▸ **Try it**: Word for word, restate every line from the one with "The Furniture Market" through the end of the records below, both included, and add nothing.

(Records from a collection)
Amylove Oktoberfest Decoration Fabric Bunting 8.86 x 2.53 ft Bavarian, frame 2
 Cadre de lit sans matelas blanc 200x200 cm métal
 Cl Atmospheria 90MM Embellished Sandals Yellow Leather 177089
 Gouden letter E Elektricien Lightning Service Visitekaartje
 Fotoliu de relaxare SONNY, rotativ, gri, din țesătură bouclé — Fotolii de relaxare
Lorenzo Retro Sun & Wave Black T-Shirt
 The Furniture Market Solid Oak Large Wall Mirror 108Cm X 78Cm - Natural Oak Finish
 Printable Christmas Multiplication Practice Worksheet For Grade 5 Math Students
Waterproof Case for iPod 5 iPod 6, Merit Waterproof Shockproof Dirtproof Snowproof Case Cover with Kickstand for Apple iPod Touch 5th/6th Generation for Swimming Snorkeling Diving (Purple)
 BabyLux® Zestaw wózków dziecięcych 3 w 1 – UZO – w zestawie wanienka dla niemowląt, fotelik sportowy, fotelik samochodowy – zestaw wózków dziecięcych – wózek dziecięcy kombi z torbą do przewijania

▸ **Solution for this task**:
 The Furniture Market Solid Oak Large Wall Mirror 108Cm X 78Cm - Natural Oak Finish
 Printable Christmas Multiplication Practice Worksheet For Grade 5 Math Students
Waterproof Case for iPod 5 iPod 6, Merit Waterproof Shockproof Dirtproof Snowproof Case Cover with Kickstand for Apple iPod Touch 5th/6th Generation for Swimming Snorkeling Diving (Purple)
 BabyLux® Zestaw wózków dziecięcych 3 w 1 – UZO – w zestawie wanienka dla niemowląt, fotelik sportowy, fotelik samochodowy – zestaw wózków dziecięcych – wózek dziecięcy kombi z torbą do przewijania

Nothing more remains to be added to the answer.